‘Just give it to me!’ Ottilie cried suddenly.
‘You will not be able to get it finished,’ said Charlotte.
‘I would have to have it the day after tomorrow, first thing, and there is a lot to copy,’ said Eduard. ‘It shall be ready,’ Ottilie cried. She already had the paper in her hands.
Next morning, as they were looking out of the upper floor windows so as not to miss seeing their guests arrive and going to meet them, Eduard said: ‘Who is that riding so slowly down the road?’ The Captain described the figure in more detail. ‘Then it is him,’ said Eduard. ‘The details, which you can see better than I, accord with the general picture, which I can see very well. It is Mittler. But how does he come to be riding so slowly?’
The figure came closer and it was Mittler. They received him affably as he came slowly up the steps. ‘Why didn’t you come yesterday?’ Eduard called to him.
‘I do not like noisy festivities,’ he replied. ‘But today I come to celebrate my friend’s birthday with you quietly.’
‘But how can you manage to find time?’ Eduard asked, joking.

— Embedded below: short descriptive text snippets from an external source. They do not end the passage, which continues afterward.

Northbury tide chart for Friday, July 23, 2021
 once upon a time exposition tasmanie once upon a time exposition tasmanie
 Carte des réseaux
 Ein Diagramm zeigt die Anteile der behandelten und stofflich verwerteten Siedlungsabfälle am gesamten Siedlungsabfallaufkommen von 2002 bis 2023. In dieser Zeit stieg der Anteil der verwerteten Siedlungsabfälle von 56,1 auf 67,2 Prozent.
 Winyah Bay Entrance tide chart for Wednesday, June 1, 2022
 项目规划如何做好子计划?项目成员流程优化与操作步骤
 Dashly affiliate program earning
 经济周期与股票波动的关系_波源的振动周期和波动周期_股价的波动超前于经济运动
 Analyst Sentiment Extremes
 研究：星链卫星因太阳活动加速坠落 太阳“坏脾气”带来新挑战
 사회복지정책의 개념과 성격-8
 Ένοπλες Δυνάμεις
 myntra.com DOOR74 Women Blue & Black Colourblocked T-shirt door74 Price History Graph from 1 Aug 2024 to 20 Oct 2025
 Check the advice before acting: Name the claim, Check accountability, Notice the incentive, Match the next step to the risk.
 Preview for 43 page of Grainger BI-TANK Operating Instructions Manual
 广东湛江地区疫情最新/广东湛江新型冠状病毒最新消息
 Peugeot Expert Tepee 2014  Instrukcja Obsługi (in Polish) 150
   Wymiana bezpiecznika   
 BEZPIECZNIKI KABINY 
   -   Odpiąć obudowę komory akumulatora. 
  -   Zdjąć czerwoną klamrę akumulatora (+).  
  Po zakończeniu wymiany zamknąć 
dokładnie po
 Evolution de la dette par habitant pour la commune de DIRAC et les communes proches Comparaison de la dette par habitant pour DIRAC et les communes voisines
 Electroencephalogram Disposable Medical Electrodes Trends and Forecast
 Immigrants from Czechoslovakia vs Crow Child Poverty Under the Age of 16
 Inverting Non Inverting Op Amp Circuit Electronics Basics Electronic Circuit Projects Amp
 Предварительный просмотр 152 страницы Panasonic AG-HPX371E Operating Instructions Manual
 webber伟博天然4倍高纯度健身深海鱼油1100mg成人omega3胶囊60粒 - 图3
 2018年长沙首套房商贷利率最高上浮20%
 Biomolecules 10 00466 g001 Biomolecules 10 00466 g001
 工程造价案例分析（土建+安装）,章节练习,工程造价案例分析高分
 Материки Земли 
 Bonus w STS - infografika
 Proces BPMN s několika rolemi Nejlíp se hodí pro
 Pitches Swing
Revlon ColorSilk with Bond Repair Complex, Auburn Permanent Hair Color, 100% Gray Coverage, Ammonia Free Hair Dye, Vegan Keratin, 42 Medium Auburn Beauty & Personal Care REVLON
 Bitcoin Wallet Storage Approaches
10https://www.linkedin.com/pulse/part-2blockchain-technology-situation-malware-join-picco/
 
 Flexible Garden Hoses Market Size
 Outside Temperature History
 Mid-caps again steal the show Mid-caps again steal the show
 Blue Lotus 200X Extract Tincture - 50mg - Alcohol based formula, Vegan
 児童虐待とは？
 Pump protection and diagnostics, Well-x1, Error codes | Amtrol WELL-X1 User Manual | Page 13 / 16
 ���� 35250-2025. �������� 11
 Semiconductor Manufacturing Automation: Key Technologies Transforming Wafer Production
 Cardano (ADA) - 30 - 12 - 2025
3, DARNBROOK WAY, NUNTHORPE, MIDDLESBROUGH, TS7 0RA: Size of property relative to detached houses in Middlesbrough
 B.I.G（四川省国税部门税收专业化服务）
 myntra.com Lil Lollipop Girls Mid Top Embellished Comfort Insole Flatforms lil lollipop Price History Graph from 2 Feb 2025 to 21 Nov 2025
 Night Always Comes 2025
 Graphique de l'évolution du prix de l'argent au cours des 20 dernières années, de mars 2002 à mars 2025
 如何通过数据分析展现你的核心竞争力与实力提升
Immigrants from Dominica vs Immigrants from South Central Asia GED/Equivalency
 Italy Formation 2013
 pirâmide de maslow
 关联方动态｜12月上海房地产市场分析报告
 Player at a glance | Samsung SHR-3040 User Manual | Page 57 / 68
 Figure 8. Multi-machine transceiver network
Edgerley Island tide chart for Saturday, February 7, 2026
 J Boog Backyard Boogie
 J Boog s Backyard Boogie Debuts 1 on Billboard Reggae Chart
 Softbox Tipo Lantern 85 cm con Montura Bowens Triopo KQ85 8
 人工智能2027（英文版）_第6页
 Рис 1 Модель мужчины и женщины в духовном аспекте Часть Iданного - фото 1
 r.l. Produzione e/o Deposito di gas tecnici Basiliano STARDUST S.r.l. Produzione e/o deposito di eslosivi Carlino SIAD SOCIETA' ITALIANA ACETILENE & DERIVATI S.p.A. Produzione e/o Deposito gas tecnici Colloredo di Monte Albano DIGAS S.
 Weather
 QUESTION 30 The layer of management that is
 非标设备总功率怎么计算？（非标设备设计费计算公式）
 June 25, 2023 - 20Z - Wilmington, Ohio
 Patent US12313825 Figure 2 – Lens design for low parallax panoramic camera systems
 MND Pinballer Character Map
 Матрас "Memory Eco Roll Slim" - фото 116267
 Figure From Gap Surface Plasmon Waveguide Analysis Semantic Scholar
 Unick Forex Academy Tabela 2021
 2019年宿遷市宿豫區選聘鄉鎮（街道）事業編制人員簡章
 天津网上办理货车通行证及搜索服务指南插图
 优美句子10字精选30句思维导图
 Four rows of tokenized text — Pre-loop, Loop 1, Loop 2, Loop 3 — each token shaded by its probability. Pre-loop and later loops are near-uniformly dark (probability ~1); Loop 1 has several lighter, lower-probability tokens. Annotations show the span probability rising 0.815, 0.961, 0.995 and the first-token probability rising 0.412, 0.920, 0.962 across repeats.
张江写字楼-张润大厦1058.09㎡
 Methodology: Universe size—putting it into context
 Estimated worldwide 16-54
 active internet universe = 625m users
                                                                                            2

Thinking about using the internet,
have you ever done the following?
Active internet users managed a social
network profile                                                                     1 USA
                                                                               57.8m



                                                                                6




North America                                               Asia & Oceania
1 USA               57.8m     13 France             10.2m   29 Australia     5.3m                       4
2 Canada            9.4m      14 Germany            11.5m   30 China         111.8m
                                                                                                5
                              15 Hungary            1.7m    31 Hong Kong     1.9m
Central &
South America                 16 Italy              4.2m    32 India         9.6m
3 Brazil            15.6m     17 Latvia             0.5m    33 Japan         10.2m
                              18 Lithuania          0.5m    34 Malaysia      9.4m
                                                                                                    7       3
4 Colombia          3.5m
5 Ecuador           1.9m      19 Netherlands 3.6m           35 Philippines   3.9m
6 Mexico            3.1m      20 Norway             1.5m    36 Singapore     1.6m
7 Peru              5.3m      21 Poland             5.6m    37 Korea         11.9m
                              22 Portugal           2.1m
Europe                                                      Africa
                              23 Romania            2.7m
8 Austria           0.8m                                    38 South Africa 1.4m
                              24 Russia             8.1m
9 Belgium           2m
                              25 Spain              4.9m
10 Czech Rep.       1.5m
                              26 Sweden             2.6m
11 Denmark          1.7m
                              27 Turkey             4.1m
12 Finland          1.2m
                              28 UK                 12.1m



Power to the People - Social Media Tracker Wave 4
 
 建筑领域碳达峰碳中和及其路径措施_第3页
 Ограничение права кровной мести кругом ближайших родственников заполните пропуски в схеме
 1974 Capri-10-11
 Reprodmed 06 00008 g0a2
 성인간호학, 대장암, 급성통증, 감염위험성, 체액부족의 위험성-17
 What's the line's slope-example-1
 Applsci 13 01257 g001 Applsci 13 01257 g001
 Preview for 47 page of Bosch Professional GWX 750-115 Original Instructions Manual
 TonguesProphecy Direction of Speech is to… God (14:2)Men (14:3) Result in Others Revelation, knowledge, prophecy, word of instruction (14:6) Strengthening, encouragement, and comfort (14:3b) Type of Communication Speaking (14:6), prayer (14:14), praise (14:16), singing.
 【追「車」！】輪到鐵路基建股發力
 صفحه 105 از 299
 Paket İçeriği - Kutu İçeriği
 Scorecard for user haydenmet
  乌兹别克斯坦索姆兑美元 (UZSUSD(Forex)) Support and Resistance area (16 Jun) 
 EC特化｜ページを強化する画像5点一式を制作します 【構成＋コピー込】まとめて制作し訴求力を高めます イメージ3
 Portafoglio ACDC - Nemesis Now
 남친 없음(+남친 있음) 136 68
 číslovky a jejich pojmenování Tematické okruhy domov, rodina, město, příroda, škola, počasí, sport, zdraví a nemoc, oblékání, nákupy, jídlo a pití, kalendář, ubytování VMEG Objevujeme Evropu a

‘You owe my visit, for what it is worth, to a thought I had yesterday. I spent half the day very pleasantly in a home to which I had brought peace, and then I heard that birthday celebrations were going on over here. I thought to myself: it could be called selfish, when all’s said and done, to enjoy yourself only among people to whom you have brought peace. Why don’t you go for once and enjoy yourself with friends who have never needed peace brought to them because they keep it themselves! No sooner said than done! Here I am, as intended.’
‘Yesterday you would have found a large company here,’ said Charlotte, ‘today you will find only a small one. You will find the Count and the Baroness, with whom you have already had some dealings.’
The strange gentleman the four were welcoming jumped away with the sudden celerity of irritation. He looked round for his hat and switch. ‘An evil star unfailingly appears above me as soon as ever I decide to relax and do myself a favour! But why do I go against my own nature? I ought not to have come, and now I am being driven away. For I will not stay under one roof with that pair. And you watch out for yourselves too: they bring nothing but harm! They are like a leaven that spreads and propagates its own contagion.’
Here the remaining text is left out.